West End pressures to intensify – Cluttons

The vacancy rate for office space in London’s West End fell to 5.4% in the latest quarter from 5.9% in the previous three months, says Cluttons – the lowest level since January 2009. In some parts of the West End, such as Soho, the shortage of stock is even more acute, with a vacancy rate of less than 3%, Cluttons notes, although the market is strongly tiered with Grade A options very limited and Grade B space more readily available. The firm says the pressure will intensify over the next two years as a cohort of occupiers that took leases out in 2006/07 faces breaks or expiries.
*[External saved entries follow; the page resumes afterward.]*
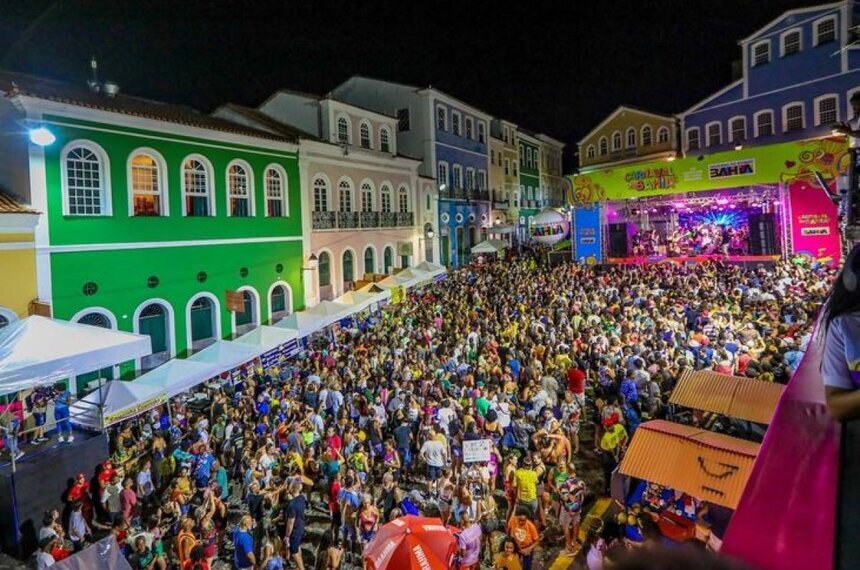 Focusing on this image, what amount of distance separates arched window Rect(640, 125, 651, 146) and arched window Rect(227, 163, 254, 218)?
94.1 feet

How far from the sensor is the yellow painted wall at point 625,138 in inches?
1487

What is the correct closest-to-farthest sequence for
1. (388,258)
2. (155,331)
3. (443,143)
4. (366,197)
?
(155,331) → (366,197) → (388,258) → (443,143)

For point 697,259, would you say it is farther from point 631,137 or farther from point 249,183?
point 249,183

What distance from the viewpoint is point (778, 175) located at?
75.1ft

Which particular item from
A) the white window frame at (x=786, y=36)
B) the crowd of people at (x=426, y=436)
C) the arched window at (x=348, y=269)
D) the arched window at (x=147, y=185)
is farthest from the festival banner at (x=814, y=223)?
the arched window at (x=147, y=185)

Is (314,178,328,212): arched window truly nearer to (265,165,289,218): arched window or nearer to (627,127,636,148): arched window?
(265,165,289,218): arched window

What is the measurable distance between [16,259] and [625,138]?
36.8 metres

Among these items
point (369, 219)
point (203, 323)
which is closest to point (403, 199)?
point (369, 219)

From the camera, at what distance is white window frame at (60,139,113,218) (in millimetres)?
15328

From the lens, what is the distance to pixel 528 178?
1881 inches

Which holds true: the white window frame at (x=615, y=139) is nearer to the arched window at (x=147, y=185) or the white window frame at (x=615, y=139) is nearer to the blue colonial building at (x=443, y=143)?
the blue colonial building at (x=443, y=143)

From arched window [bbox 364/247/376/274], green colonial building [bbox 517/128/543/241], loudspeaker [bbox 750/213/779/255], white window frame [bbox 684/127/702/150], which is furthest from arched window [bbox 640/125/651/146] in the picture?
arched window [bbox 364/247/376/274]

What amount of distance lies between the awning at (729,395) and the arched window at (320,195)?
1810 centimetres

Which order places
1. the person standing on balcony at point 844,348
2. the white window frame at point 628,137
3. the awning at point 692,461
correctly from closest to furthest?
the person standing on balcony at point 844,348
the awning at point 692,461
the white window frame at point 628,137
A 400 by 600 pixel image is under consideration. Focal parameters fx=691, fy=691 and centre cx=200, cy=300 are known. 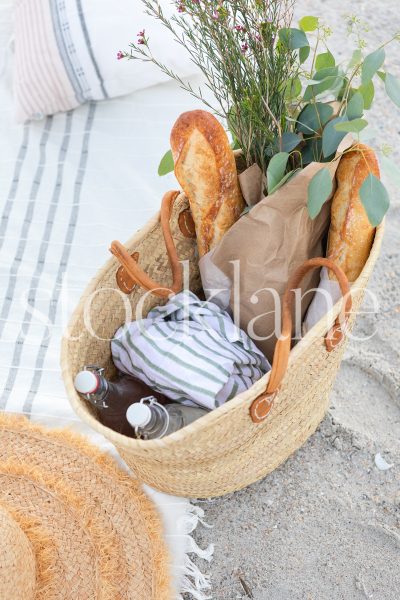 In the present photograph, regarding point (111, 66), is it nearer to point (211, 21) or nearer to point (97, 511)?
point (211, 21)

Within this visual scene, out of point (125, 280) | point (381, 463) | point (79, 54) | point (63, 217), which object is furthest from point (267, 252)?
point (79, 54)

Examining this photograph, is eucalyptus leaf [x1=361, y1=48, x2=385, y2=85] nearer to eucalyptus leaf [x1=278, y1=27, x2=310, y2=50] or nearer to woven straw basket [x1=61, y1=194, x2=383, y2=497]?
eucalyptus leaf [x1=278, y1=27, x2=310, y2=50]

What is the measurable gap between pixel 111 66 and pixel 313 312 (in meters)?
0.93

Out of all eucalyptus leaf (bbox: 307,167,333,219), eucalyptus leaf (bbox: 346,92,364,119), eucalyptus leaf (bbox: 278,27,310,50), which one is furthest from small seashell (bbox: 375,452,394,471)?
eucalyptus leaf (bbox: 278,27,310,50)

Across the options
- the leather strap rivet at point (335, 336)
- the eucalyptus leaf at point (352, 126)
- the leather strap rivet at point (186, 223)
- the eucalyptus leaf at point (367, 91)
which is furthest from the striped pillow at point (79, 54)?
the leather strap rivet at point (335, 336)

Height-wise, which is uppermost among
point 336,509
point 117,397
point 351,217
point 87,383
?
point 351,217

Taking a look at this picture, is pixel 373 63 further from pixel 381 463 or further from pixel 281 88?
pixel 381 463

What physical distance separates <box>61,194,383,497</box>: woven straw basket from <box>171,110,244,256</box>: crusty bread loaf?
7cm

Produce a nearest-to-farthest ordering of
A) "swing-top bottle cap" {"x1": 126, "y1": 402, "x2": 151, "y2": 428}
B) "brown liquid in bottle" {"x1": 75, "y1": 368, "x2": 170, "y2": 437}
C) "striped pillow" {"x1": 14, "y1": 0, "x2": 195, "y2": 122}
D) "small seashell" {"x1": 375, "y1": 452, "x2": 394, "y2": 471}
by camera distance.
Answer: "swing-top bottle cap" {"x1": 126, "y1": 402, "x2": 151, "y2": 428}, "brown liquid in bottle" {"x1": 75, "y1": 368, "x2": 170, "y2": 437}, "small seashell" {"x1": 375, "y1": 452, "x2": 394, "y2": 471}, "striped pillow" {"x1": 14, "y1": 0, "x2": 195, "y2": 122}

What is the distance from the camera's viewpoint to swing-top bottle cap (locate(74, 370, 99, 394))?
990 millimetres

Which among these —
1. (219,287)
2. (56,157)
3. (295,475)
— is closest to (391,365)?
(295,475)

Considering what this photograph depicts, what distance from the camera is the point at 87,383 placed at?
990mm

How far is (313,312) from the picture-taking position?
1182 millimetres

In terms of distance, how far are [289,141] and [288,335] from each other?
0.35m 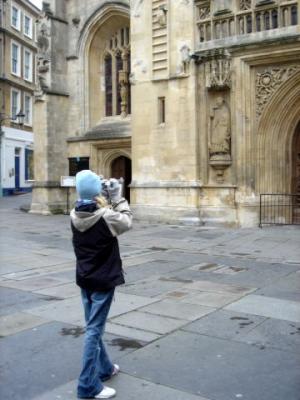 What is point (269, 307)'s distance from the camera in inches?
244

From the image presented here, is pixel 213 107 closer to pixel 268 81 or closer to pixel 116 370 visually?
pixel 268 81

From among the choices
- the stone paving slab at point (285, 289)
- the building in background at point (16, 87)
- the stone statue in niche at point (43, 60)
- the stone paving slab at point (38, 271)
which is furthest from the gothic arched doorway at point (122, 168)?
the building in background at point (16, 87)

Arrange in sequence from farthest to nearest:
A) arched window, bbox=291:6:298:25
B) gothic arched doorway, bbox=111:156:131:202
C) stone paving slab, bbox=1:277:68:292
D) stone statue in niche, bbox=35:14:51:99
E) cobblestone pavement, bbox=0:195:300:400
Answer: gothic arched doorway, bbox=111:156:131:202
stone statue in niche, bbox=35:14:51:99
arched window, bbox=291:6:298:25
stone paving slab, bbox=1:277:68:292
cobblestone pavement, bbox=0:195:300:400

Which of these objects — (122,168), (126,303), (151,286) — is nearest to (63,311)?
(126,303)

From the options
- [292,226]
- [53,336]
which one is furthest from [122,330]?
[292,226]

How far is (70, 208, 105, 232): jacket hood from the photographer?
12.5 ft

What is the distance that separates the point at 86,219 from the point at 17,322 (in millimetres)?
2337

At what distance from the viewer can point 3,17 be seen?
36938 millimetres

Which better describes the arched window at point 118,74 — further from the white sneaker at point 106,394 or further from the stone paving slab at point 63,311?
the white sneaker at point 106,394

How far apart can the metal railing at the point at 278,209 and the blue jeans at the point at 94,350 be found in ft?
38.4

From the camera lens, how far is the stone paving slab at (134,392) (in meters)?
3.69

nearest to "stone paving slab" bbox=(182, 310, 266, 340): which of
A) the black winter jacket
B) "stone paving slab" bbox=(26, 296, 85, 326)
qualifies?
Result: "stone paving slab" bbox=(26, 296, 85, 326)

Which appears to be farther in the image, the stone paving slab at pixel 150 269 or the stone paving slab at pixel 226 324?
the stone paving slab at pixel 150 269

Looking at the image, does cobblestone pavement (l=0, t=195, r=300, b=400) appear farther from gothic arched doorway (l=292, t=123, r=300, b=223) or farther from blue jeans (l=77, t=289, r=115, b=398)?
gothic arched doorway (l=292, t=123, r=300, b=223) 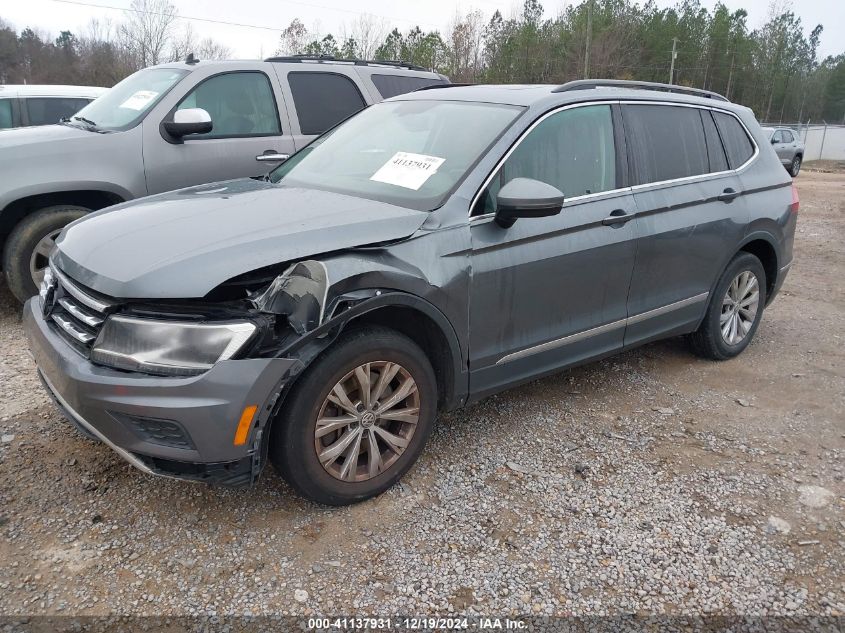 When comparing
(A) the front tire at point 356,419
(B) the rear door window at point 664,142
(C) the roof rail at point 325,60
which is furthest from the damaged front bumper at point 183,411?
(C) the roof rail at point 325,60

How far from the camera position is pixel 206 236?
2.62m

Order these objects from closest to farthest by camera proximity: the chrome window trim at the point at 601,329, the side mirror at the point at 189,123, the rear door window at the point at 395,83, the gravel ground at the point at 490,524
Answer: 1. the gravel ground at the point at 490,524
2. the chrome window trim at the point at 601,329
3. the side mirror at the point at 189,123
4. the rear door window at the point at 395,83

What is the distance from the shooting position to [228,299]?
8.29 feet

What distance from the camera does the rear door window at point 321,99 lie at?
584 centimetres

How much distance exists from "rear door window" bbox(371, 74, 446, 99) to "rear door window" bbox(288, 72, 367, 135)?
291mm

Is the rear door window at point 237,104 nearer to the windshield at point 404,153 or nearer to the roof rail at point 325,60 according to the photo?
the roof rail at point 325,60

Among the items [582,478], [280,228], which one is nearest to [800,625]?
[582,478]

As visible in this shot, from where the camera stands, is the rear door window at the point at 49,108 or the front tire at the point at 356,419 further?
the rear door window at the point at 49,108

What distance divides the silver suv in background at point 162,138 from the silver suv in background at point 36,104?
9.73 ft

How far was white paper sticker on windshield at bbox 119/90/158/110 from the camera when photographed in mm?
5258

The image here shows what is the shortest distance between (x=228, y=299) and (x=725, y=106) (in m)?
3.78

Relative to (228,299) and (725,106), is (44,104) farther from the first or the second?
(725,106)

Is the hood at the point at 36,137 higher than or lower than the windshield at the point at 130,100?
lower

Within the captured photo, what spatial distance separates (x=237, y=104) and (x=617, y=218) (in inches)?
139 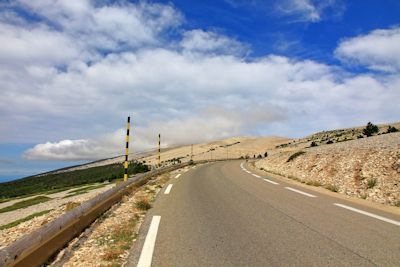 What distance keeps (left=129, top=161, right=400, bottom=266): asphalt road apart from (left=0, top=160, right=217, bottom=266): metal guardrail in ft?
4.00

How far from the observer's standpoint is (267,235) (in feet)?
22.7

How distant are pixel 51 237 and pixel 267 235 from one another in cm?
381

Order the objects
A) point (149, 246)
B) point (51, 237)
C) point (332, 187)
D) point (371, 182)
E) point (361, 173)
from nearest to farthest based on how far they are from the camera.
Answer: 1. point (51, 237)
2. point (149, 246)
3. point (371, 182)
4. point (332, 187)
5. point (361, 173)

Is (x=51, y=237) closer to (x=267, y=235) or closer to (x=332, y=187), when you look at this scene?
(x=267, y=235)

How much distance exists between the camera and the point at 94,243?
6.70m

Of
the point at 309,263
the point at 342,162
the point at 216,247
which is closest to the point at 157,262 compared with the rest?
the point at 216,247

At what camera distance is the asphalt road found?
5465 millimetres

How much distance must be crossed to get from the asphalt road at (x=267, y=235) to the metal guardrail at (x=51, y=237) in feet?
4.00

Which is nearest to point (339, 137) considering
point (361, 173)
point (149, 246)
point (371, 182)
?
point (361, 173)

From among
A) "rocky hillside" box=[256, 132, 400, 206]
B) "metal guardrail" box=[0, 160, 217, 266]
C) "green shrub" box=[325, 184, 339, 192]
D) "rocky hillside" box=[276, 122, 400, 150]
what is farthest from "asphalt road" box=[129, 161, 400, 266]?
"rocky hillside" box=[276, 122, 400, 150]

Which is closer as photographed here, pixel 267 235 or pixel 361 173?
pixel 267 235

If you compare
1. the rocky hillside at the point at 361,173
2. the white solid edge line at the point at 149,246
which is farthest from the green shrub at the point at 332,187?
the white solid edge line at the point at 149,246

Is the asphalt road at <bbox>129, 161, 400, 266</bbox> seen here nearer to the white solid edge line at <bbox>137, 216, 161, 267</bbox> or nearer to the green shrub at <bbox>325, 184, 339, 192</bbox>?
the white solid edge line at <bbox>137, 216, 161, 267</bbox>

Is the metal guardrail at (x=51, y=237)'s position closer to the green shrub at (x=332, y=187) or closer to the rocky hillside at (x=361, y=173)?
the rocky hillside at (x=361, y=173)
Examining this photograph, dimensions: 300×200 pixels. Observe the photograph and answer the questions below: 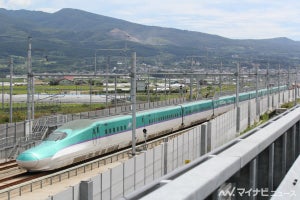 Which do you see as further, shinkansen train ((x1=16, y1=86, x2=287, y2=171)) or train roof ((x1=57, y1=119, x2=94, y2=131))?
train roof ((x1=57, y1=119, x2=94, y2=131))

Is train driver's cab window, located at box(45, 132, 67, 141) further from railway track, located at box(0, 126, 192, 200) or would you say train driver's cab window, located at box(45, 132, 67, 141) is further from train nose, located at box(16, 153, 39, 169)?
train nose, located at box(16, 153, 39, 169)

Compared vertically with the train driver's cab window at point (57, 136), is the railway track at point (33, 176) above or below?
below

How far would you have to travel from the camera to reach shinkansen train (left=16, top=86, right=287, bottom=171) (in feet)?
76.9

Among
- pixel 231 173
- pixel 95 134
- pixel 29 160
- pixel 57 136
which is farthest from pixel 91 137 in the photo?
pixel 231 173

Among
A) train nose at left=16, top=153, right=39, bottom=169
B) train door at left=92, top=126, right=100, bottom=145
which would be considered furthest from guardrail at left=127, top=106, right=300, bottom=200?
train door at left=92, top=126, right=100, bottom=145

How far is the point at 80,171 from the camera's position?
978 inches

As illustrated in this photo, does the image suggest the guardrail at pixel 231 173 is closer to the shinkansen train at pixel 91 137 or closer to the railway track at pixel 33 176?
the railway track at pixel 33 176

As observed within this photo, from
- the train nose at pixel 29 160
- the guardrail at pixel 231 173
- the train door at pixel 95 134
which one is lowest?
the train nose at pixel 29 160

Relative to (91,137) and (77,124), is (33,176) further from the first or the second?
(91,137)

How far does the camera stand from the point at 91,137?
27031mm

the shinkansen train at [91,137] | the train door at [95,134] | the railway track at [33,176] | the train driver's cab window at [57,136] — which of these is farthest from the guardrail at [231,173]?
the train door at [95,134]

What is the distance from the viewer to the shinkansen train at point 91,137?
76.9ft

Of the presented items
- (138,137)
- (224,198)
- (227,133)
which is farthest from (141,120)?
(224,198)

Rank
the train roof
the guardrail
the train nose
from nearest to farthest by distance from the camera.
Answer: the guardrail, the train nose, the train roof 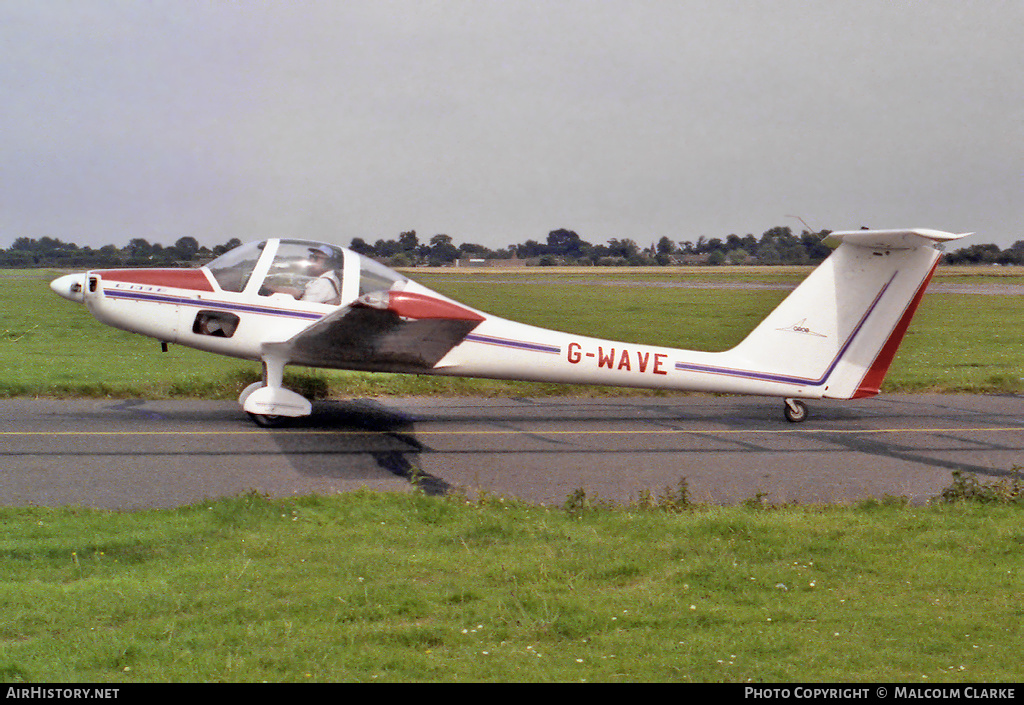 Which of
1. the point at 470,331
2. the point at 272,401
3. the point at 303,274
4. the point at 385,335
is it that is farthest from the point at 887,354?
the point at 272,401

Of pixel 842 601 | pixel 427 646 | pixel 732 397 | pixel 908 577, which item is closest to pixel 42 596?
pixel 427 646

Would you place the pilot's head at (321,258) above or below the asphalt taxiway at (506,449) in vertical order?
above

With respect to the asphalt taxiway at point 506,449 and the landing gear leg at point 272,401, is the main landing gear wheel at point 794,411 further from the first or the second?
the landing gear leg at point 272,401

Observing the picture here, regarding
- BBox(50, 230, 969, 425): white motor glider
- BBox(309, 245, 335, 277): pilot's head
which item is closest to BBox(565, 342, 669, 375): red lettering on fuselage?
BBox(50, 230, 969, 425): white motor glider

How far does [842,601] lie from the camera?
5.63 m

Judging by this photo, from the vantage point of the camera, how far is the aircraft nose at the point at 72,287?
1217 cm

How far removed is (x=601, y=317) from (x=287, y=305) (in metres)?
21.3

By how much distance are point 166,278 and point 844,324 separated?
9.04 meters

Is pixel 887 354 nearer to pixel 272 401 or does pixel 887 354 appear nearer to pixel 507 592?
pixel 272 401

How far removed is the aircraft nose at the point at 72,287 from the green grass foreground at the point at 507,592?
5568 millimetres

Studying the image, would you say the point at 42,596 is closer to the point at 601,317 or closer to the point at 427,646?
the point at 427,646

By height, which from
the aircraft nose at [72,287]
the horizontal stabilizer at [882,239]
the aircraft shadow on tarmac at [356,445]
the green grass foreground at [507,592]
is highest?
the horizontal stabilizer at [882,239]

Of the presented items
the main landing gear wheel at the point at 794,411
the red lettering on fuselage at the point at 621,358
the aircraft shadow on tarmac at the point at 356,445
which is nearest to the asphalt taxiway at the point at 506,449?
the aircraft shadow on tarmac at the point at 356,445

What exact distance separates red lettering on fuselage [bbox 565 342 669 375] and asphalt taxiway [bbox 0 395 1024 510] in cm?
84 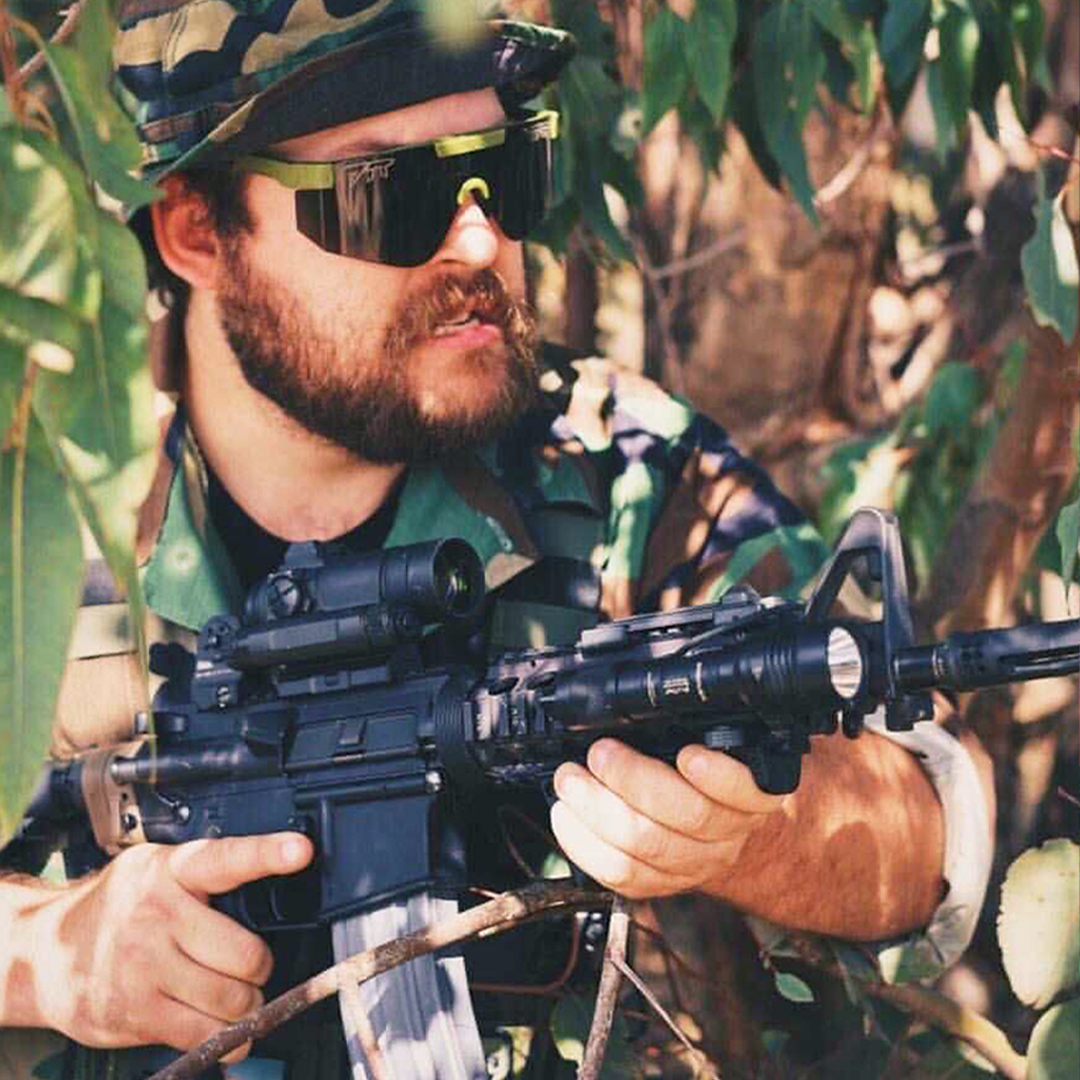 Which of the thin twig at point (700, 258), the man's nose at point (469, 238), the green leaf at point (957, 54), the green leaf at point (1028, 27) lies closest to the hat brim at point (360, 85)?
the man's nose at point (469, 238)

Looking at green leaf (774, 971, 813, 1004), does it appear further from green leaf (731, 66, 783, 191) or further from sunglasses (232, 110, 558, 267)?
green leaf (731, 66, 783, 191)

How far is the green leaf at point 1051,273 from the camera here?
2.80 meters

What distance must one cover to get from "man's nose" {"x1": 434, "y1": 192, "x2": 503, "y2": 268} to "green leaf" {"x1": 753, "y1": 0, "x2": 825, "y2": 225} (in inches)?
25.0

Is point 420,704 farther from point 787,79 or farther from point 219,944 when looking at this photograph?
point 787,79

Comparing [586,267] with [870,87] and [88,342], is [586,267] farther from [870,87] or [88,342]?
[88,342]

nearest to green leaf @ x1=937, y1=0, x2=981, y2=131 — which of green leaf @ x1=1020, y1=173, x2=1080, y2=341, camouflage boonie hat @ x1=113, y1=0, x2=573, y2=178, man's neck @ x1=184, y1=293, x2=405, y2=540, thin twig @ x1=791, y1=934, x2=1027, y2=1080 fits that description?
green leaf @ x1=1020, y1=173, x2=1080, y2=341

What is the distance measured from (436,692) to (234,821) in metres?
0.39

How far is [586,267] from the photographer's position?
4.34 meters

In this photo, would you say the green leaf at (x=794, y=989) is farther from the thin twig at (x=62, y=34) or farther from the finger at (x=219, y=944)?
the thin twig at (x=62, y=34)

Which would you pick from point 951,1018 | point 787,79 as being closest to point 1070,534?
point 951,1018

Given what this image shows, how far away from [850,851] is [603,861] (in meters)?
0.47

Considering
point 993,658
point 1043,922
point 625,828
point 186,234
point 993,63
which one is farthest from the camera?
point 993,63

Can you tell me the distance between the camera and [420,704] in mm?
2555

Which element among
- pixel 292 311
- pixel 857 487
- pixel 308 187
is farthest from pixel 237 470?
pixel 857 487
Occupiers remain “ultra-cautious”, with the market driven mostly by lease events; Cluttons says the lack of available development finance has contributed to the lack of activity but notes that the London economy has remained more robust than that for the rest of the UK, “as a result of the greater than perceived diversified nature of the economy”. The financial sector has increased its presence in the West End over the past decade but the office market in the area benefits from a broader business make-up.

Speculative development did increase in the last quarter – space under construction went up 20% – but it is still below the 10-year average and more than 40% of the increase is in the Victoria area, with less than 15% of the pipeline in the highly sought-after Mayfair and St James’s markets. “We therefore expect pre-let pressures to stimulate further starts over the coming quarters,” Cluttons says.

Rents in the West End are forecast to rise by an average of more than 8% over the next four years, highlighting the need to fix costs early, the firm points out.